“Café de Flore” de Jean-Marc Vallée

Petite précision utile (ou pas), Café de Flore n’est pas un documentaire sur le célèbre troquet parisien, situé au coeur de Saint-Germain-des-Prés…
Ce n’est pas non plus une fiction autour des débats philosophiques existentialistes qui animèrent les soirées de Sartre, Camus et les autres dans ledit café, même si l’histoire traite effectivement, d’une certaine manière, de destin et de libre arbitre…
Enfin, ce n’est pas la reconstitution des rencontres entre Apollinaire, Breton et Aragon qui donna naissance au mouvements surréalistes et dadaïstes. Encore que la forme du film de Jean-Marc Vallée adopte une forme étrange, défiant les lois narratives en faisant se télescoper les époques, les personnages, les thématiques et perdant avec délice ses spectateurs dans un labyrinthe complexe…

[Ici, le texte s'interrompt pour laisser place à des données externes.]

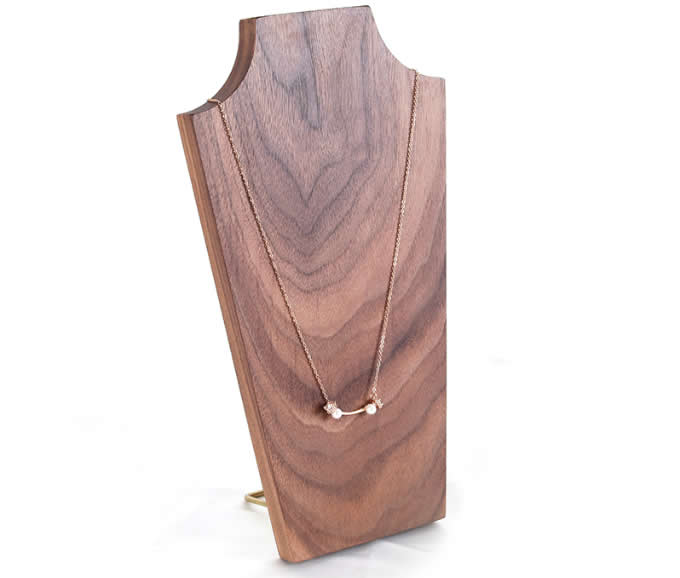  Black walnut Wood Bust  Bonus Necklace Jewelry Bust Display Organizer Stand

Non, le titre fait plutôt référence à de la musique et au morceau “Café de Flore” de Dr Rockit, édité en 2001 sur commande du proprio du Café de Flore. Un tube lounge envoûtant qui mêle jazz et musique électro, trait d’union parfait entre deux siècles, deux époques différentes. Un peu comme le film, donc, composé de deux histoires menées en parallèle, dans des lieux et des temporalités différentes, et qui se sert du fameux morceau musical comme fil rouge…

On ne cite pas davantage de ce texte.